• [WORK INSTRUCTION]: Please reproduce each line of the data below exactly as shown.

-- SOURCE MATERIAL follows --

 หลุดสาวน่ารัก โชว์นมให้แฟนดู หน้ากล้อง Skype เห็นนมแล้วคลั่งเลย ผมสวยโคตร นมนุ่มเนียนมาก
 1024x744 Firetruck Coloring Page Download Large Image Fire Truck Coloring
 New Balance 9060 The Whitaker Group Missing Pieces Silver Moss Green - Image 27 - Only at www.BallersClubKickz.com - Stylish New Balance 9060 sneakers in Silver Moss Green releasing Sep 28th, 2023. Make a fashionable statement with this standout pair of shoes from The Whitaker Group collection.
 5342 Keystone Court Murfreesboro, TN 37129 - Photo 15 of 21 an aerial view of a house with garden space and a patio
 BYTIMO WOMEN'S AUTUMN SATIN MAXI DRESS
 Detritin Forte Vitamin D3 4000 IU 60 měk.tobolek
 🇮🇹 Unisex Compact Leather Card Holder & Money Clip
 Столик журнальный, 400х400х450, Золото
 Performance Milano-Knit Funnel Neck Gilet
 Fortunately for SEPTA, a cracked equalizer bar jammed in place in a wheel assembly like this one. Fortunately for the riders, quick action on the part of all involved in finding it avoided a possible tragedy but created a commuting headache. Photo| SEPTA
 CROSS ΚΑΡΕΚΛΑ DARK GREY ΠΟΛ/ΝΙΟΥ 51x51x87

-- SOURCE MATERIAL concluded --

• [WRITTEN SOLUTION]:
 หลุดสาวน่ารัก โชว์นมให้แฟนดู หน้ากล้อง Skype เห็นนมแล้วคลั่งเลย ผมสวยโคตร นมนุ่มเนียนมาก
 1024x744 Firetruck Coloring Page Download Large Image Fire Truck Coloring
 New Balance 9060 The Whitaker Group Missing Pieces Silver Moss Green - Image 27 - Only at www.BallersClubKickz.com - Stylish New Balance 9060 sneakers in Silver Moss Green releasing Sep 28th, 2023. Make a fashionable statement with this standout pair of shoes from The Whitaker Group collection.
 5342 Keystone Court Murfreesboro, TN 37129 - Photo 15 of 21 an aerial view of a house with garden space and a patio
 BYTIMO WOMEN'S AUTUMN SATIN MAXI DRESS
 Detritin Forte Vitamin D3 4000 IU 60 měk.tobolek
 🇮🇹 Unisex Compact Leather Card Holder & Money Clip
 Столик журнальный, 400х400х450, Золото
 Performance Milano-Knit Funnel Neck Gilet
 Fortunately for SEPTA, a cracked equalizer bar jammed in place in a wheel assembly like this one. Fortunately for the riders, quick action on the part of all involved in finding it avoided a possible tragedy but created a commuting headache. Photo| SEPTA
 CROSS ΚΑΡΕΚΛΑ DARK GREY ΠΟΛ/ΝΙΟΥ 51x51x87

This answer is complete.